Жизнь и судьба Василия Гроссмана
Шрифт:
Правильно, Гроссман был неудобный человек для легкой дружбы, ненавидевший предательство дружбы. Но что это за дружба, если она легкая и способна на предательство? Знакомство, завязавшееся в редакции, в доме творчества, во время пирушки, всегда ли превращается в дружбу? Гроссман требовал от дружбы честности, стойкости, самоотверженности. Разумное требование в разумном обществе. Ему нужна была дружба "в упор, без фарисейства".
Беда Гроссмана заключалась в том, что он был доверчив, и в этой доверчивости жила одна слабость: он привечал тех, кто восхищался им. Немало легких друзей приобрел он в военные годы, когда он был в чести, когда разных людей временно объединили общие горести и трудности, и они, эти люди, тоже на время, стали лучше, честнее. Но вот военные трудности сменились другими, и люди стали другими, то есть прежними. Тот же Атаров льнул к нему,
Фронтовые дороги свели Гроссмана с Борисом Галиным, этот правдистский очеркист гордился тем, что они с Гроссманом на "ты", и Гроссману, я видел, льстило такое поклонение, но и Галин, как теперь выражаются, "слинял", когда Гроссман попал в беду, и если бы Гроссман узнал, как уже после его смерти подло повел себя Галин, когда за рубежом вышло в свет "Все течет", то, бесспорно, говорил бы о Галине "угрюмо и грозно".

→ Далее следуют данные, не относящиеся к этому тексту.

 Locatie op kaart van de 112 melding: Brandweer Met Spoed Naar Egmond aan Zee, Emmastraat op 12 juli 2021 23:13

Был у Гроссмана друг детства, ставший профессором-математиком. Во время борьбы с космополитизмом он сказал: "Во имя идеи коммунизма допустимо пожертвовать целым народом". У профессора были поздние дети, как все отцы такого рода, он обожал их, а между тем говорил: "Во имя коммунизма я готов пожертвовать своими детьми". Что это было - лицемерие раба или глупость раба? И, наверно, он удивлялся тому, что Гроссман смотрит на него "угрюмо и грозно".
Гроссман хорошо относился к критику Федору Левину (в скобках не побоюсь сказать: потому что тот высоко ценил творчество Гроссмана), он жалел Левина, когда тот, по навету сослуживца-стихотворца Коваленкова, был судим и арестован на Северном фронте за необдуманно откровенные речи, но тот же Федор Левин, когда Ермилов выступил в "Правде" со статьей, уничтожающей пьесу "Если верить пифагорейцам", сказал Гроссману: "Поручили бы это мне, я написал бы мягче, деликатней", - так удивительно ли, что с тех пор Гроссман стал смотреть на него "угрюмо и грозно".

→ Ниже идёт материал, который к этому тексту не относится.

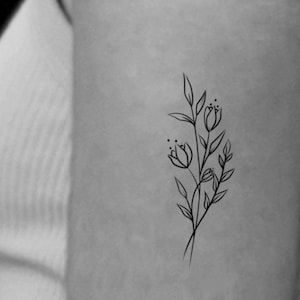 Wildflower Temporary Tattoo / floral tattoo / small tattoo / simple tattoo / floral tattoo 6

Был у Гроссмана приятель-поклонник Осип Черный. Он был Гроссману по душе не только как поклонник, но и как знаток музыки, которую Гроссман не столько знал, сколько любил. Однажды Черный сказал Гроссману: "Вы Веньяминчик", т. е. любимчик, тем самым объясняя невезением свое собственное положение в литературе. Гроссман ему ничего не ответил, но мне пересказал, значит, запомнил, обиделся. И вот Черный выпускает роман о музыкантах, в котором вслед за Сталиным нападает на формалистов, создающих сумбур вместо музыки, в героях романа легко угадываются прототипы Шостакович, Мясковский, Прокофьев. Эти композиторы не были близки Гроссману, он предпочитал им Моцарта или Бетховена, но Черный, лягающий их, вызвал его гнев, он и на него стал смотреть "угрюмо и грозно".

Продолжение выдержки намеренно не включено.